• [PROBLEM STATEMENT]:
Leaving out every picture, copy the lines of the material below exactly, from the line containing "Dog-Friendly Apartments in" through the line containing "Generic London Red".

• [ENTRIES SUPPLIED]:
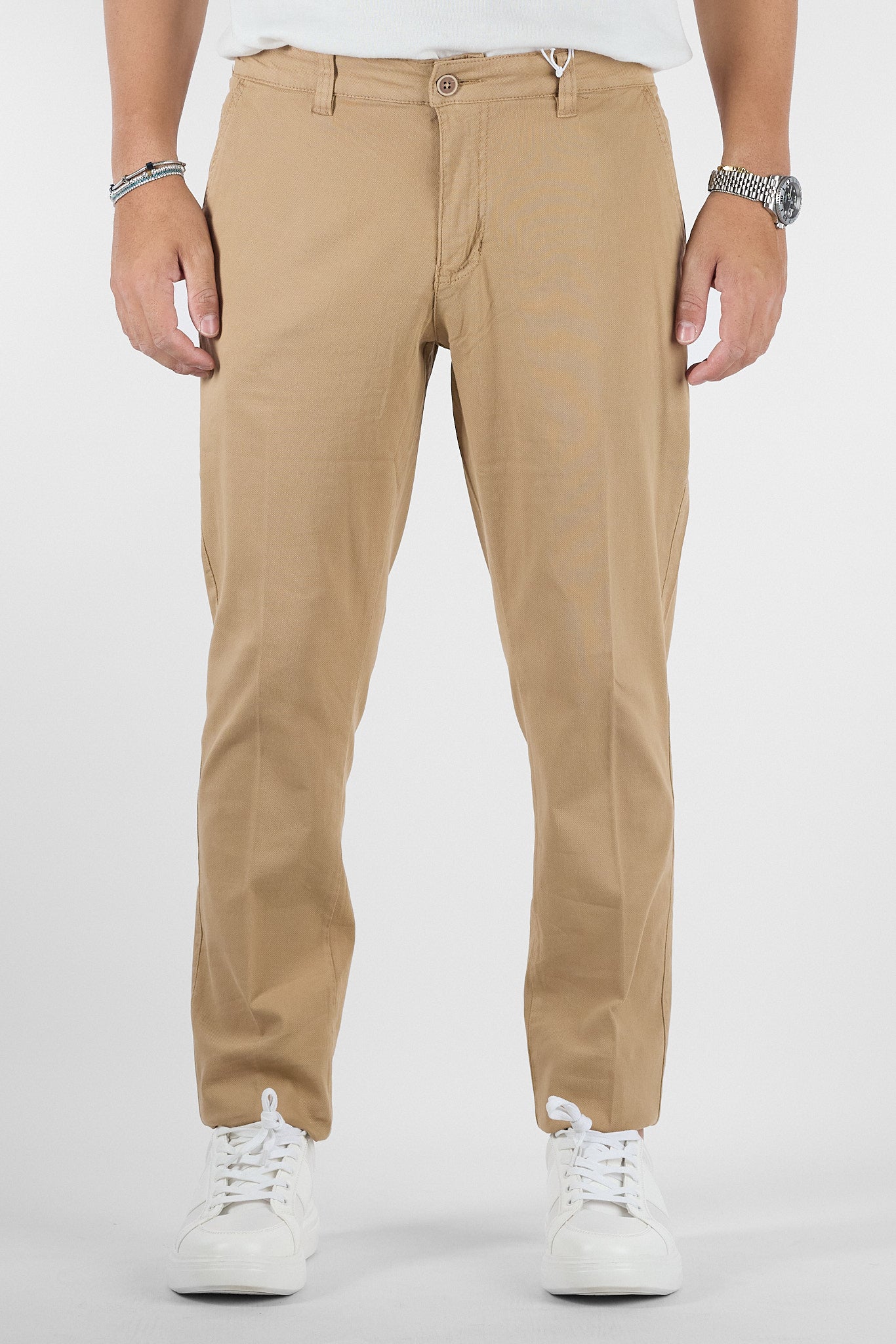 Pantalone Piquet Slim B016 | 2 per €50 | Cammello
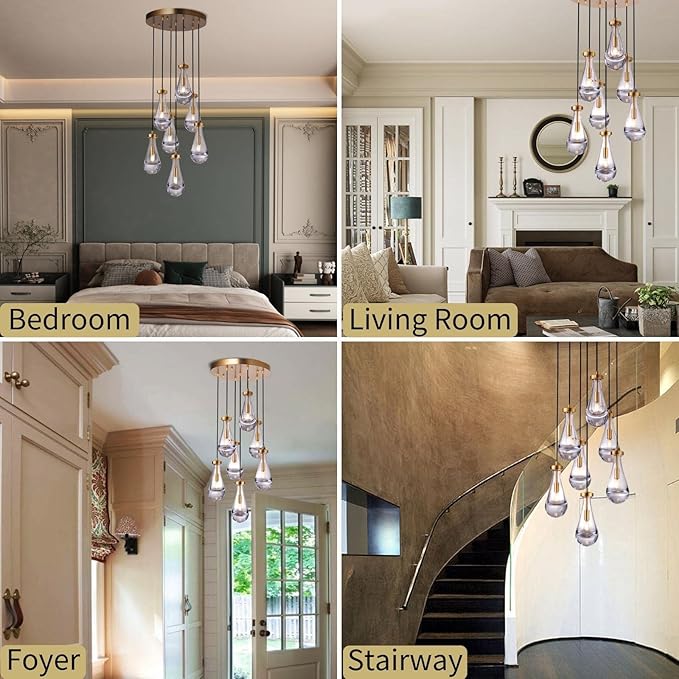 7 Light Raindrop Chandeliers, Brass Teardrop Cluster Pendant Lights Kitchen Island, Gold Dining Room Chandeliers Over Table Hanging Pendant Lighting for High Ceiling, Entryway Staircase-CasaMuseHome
--
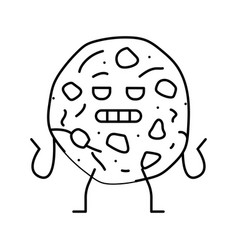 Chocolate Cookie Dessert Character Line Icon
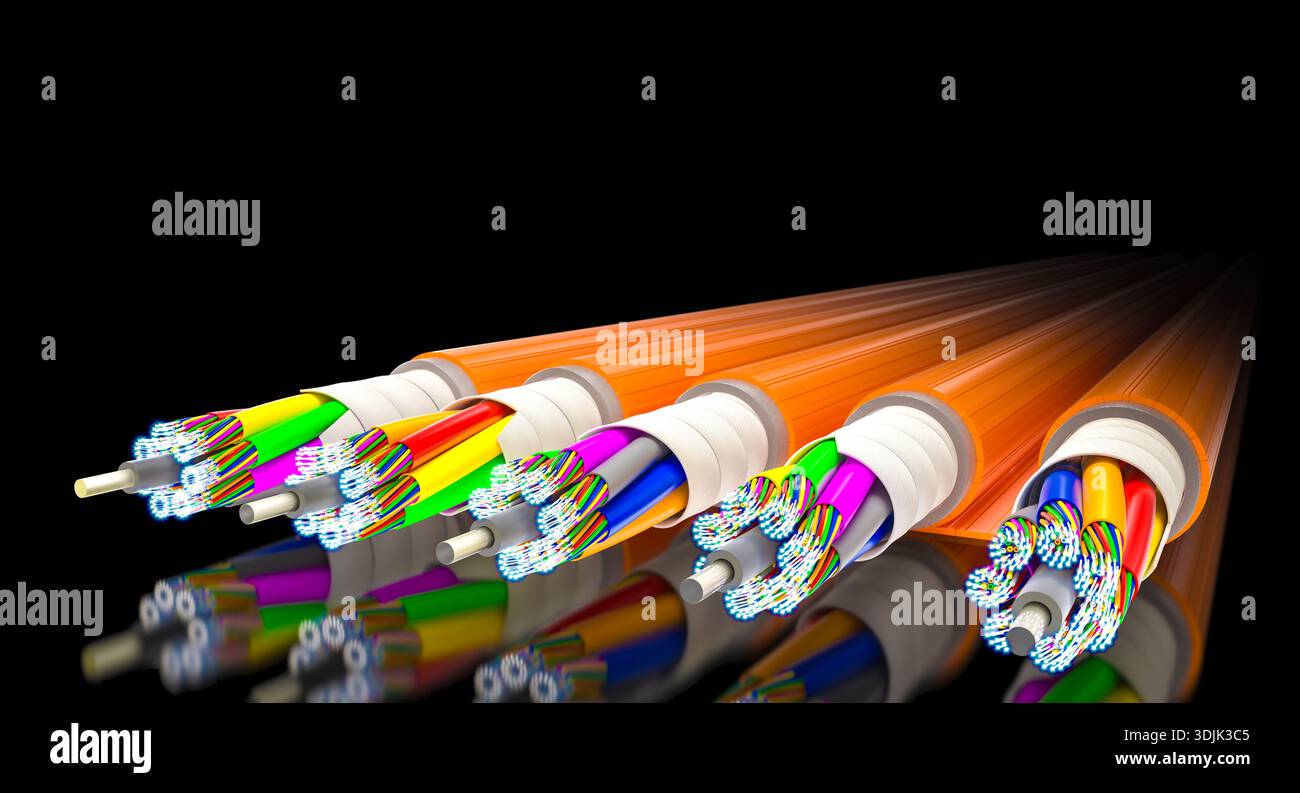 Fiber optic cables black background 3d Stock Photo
...
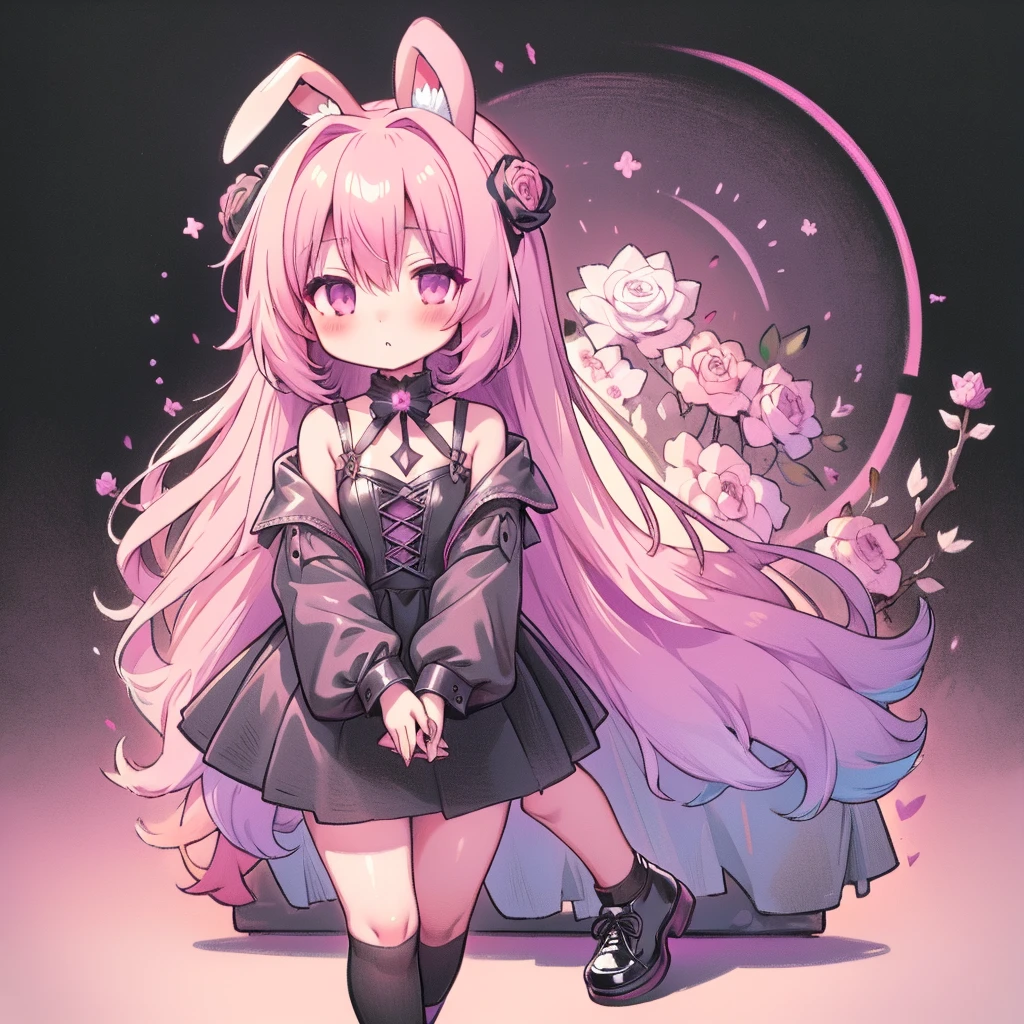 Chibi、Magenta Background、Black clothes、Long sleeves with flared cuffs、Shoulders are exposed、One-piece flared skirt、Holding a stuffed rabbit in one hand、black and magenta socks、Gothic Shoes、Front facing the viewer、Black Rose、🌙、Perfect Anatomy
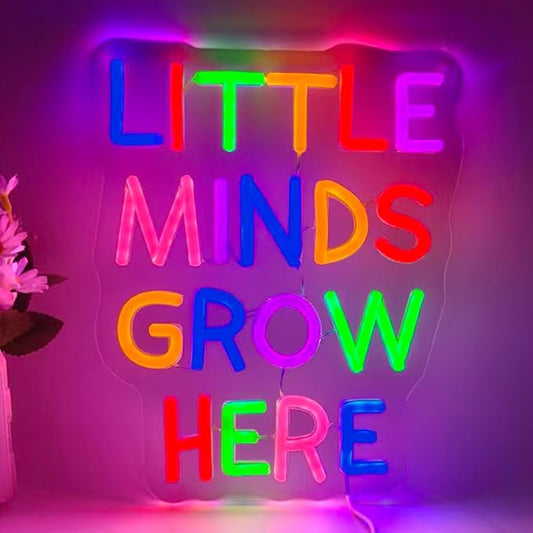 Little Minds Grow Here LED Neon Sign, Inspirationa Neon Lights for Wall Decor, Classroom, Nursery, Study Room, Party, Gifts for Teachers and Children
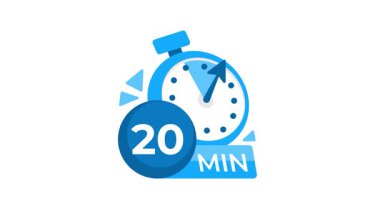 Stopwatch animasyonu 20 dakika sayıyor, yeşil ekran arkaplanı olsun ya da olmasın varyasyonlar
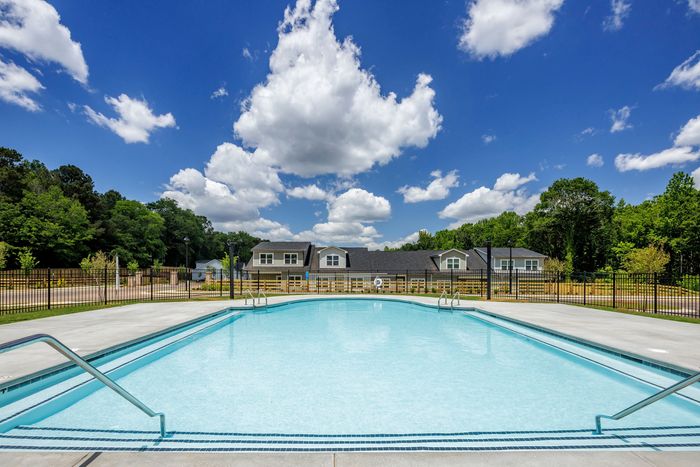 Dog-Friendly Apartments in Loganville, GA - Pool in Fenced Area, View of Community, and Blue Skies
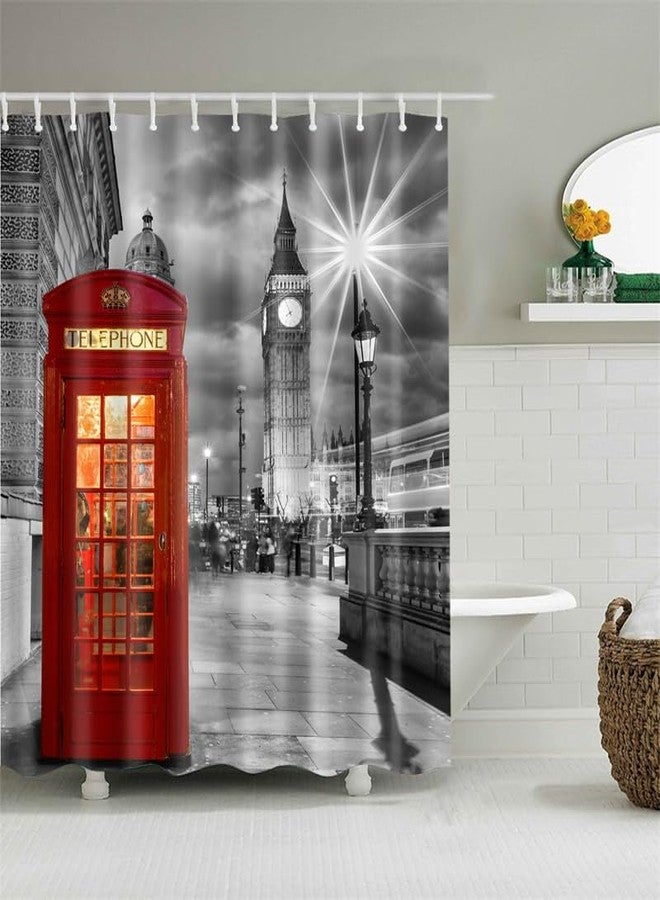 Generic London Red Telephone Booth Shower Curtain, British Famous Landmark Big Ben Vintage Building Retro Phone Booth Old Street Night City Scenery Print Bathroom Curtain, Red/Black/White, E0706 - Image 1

• [REPLY]:
 Dog-Friendly Apartments in Loganville, GA - Pool in Fenced Area, View of Community, and Blue Skies
 Generic London Red Telephone Booth Shower Curtain, British Famous Landmark Big Ben Vintage Building Retro Phone Booth Old Street Night City Scenery Print Bathroom Curtain, Red/Black/White, E0706 - Image 1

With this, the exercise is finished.